VaR and the Meltdown

Posted by Peter Orr on Jan 05, 2009

RISK!If you didn't catch it, the NYT magazine this weekend had a cover story on risk which posed the question, was management or specifically risk management more responsible for the current financial mess in which we now sit? Not unexpectedly, Mr. Black Swan himself got a good dose of coverage railing against the utter folly of VaR and seemingly anyone who attempts to quantify anything about risk in finance. The other corner is represented by the leadership at RiskMetrics, Sunguard, etc weighing in with the "calculating risk has benefits" position, given it (VaR) provides relevant and useful information the majority of the time. Taleb's point is the "majority of the time" doesn't matter much after insolvency.

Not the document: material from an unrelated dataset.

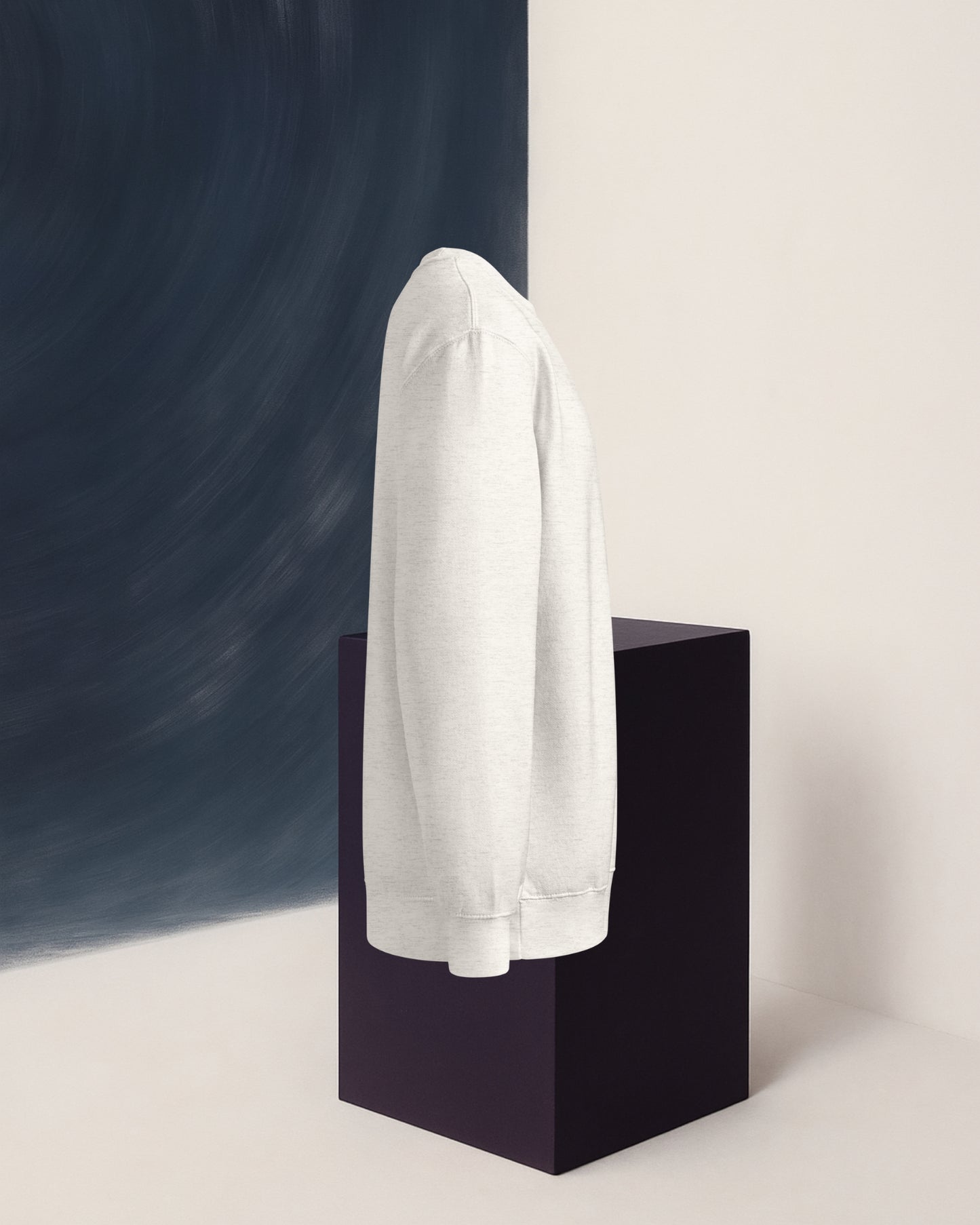 SWEAT-SHIRT CLAIR WHITE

Given the topic, the article provides predictable variations of common platitudes: "Guns (quantifying risk) don't kill people, people (dumb risk management) kill people," and "Those who ignore the lessons of history are bound to repeat it (particularly if you only use 2 years of data as a basis for your VaR calc)."

I couldn't help but notice how much the article echoes the debate about the degree of risk versus uncertainty present in financial management, and what to do about it. In fact, one way to look at the position of people like Taleb/Mandelbrot is that the uncertainty about which Dr. Knight wrote in his 1916 dissertation is really the driving force behind socio-economic variable movement and as such, if you're going to do any modeling, fractals are your best only choice. They argue fractals and power laws are the only things that give you a prayer of appreciating the potential magnitude out in the tails of the uncertainty.

I think the article properly highlighted one VaR shortcoming that has been reasonably well-known but under-addressed, "[VaR] failed to distinguish between leverage that came from long-term, fixed-rate debt…and loans that can be called at any time and…blow you up in 2 minutes." Coincidentally this is highly germane to my disagreement with Dr. Black, and perhaps even the mindset behind a lot of quant training.

I wish there was a bit on behavioral finance. The author hints at that quoting a risk manager, "It has to do with the human condition. People like to have one number they can believe in." It might've been nice if he touched on concepts like availability bias, overconfidence, and herding as additional contributors to the problem. What ramifications this all has for future policy is anyone's guess. In the end, we are still doing this democratic/capitalist experiment and it doesn't appear we're in any danger of getting it *right* anytime soon.

Of course, I'm sure some risk managers out there reveled in one of the author's concluding and resigned ruminations, "Maybe it would have been better if the people in charge had a better understanding of risk." I suppose that would've been nice.